People-pleasing mode: activated √
When you’re guilty of being or having been a people-pleaser, you’ve spent a considerable amount of time learning patterns that consist in muting yourself and your own wants and needs in favour of what other people want and need. It takes a lot of work to reverse this habit and unlearning said patterns can take a lifetime. To this day, I still struggle with staying in touch with what I need and want when I’m around someone I want to like me or whom I care about on some level (more on this here).
This and the fact that I’m generally very accepting of other people’s preferences and boundaries (as I think one should be!) and (arguably often too [see here]) accommodating of their needs seems to make it easy for them to share their evaluation of my qualities or lack thereof with me. Don’t get me wrong, receiving constructive feedback is a good thing and should always be welcomed IF 1. you’ve asked for it and are indeed open to suggestions (meaning you have the mind space to receive them) and 2. it is in fact constructive / healthy feedback. What I mean by that is that there’s absolutely no need to tell someone that you actually don’t like their hair colour unless they’ve specifically asked for your opinion about it.
Before I share my thoughts about anything (that concerns them) with someone, I try to ask myself the following questions:
Does sharing my opinion actually serve them or does it only serve me?
Is my opinion likely to enrich their life in any way or does it help them expand their horizons or contemplate a certain matter from another angle?
What’s my reason for telling them? Is it a purely selfish one?
Is it likely to cause them pain but nothing else?
If by the end of this process I find that sharing my opinion with someone will only make me feel better about myself but won’t be beneficial to anyone but myself, I refrain from doing so. Instead, I try to look inward in order to find out why I feel the need to share it in the first place. Oftentimes I find that my need to share is in fact rooted in my insecurities, which are trying to convince me that putting someone else down will make me feel better about myself. It’s a very childish and defensive (and automated) way of reacting, so I try not to act on the impulse*.
I’m aware that people will occasionally get hurt by my opinion, even if my (carefully chosen, hopefully) words will end up being beneficial to them and, considering that there can be no growth without pain, the pain will be worth it, so to speak. However, letting someone know you don’t approve of the way they look / dress / eat won’t make their life any better.
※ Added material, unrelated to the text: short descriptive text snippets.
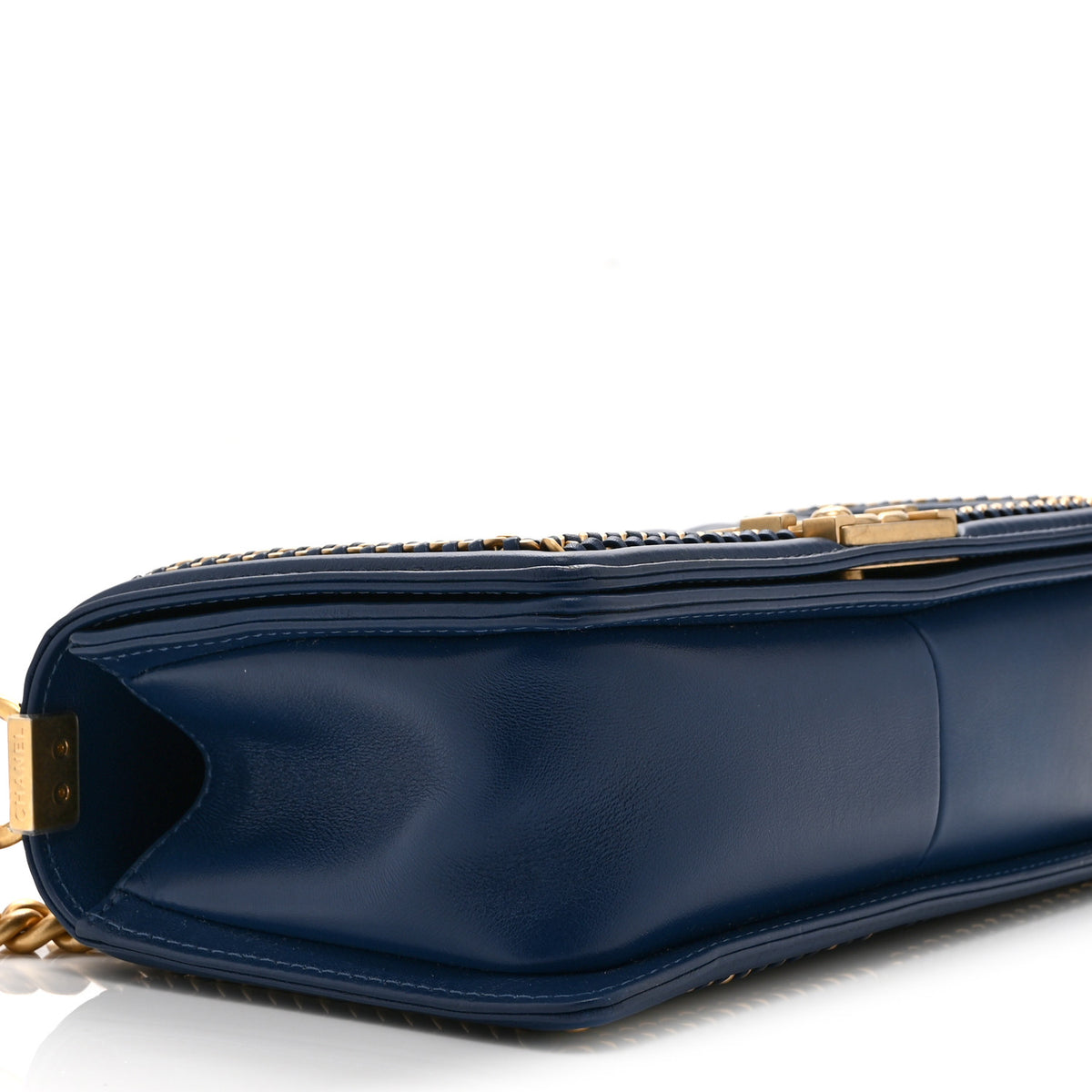 Lambskin Quilted Medium Top Handle Boy Flap Blue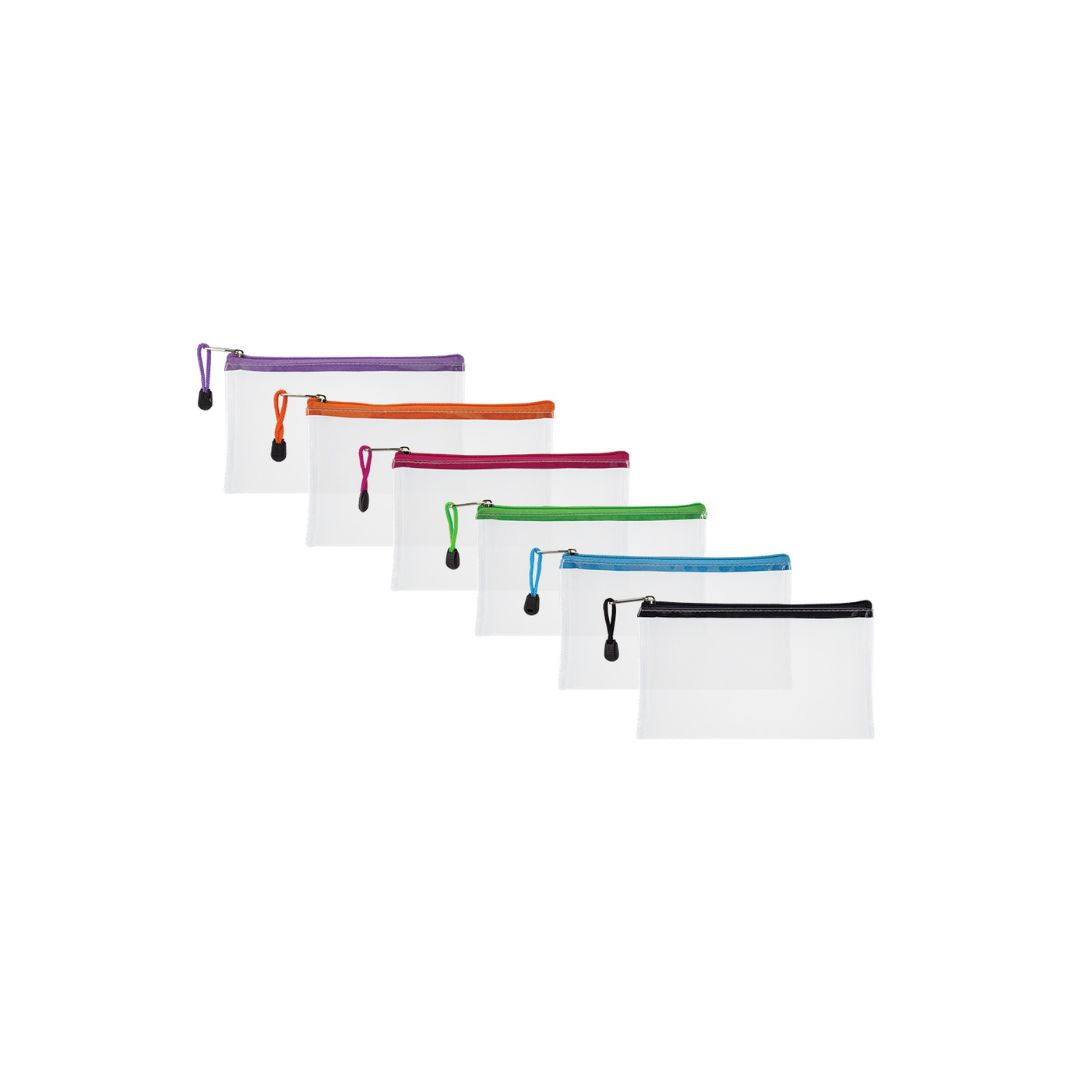 TREELINE Translucent/Clear 22cm Pencil Bag with Colour Zip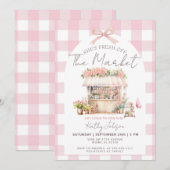 Pink Gingham Fresh Off The Market Bridal Shower Einladung (Vorne/Hinten)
On the contrary, depending on their personality, it may make them feel self-conscious and, if they’re recovering people-pleasers like me, it will trigger old behavioural patterns and potentially make them question their adequacy or worse, their self-worth.
Additionally, making (unsolicited) comments about other people’s choices (no matter the reason for these choices) and suggesting they ought to change some of them in order to be a more enjoyable person says a whole lot about YOU and quite little about the person whose choices you’re criticising. It doesn’t matter if your intentions are the best and purest − some things are better kept to yourself (or texted to your bestie instead, as depicted below**).
And no, not telling someone you think their glasses are ugly*** isn’t the same as being dishonest − it’s called human decency 🙃.
* I sometimes fail. But failure is a necessary stepping stone for growth, am I right?!
** My text “rants” are usually a way of processing what has happened, so it’s basically me and my main text rant buddy (you know who you are 🧡) working through my / our sh*t, so not technically rants.
*** Yes, this is based on a true story (not from my childhood years, disappointingly).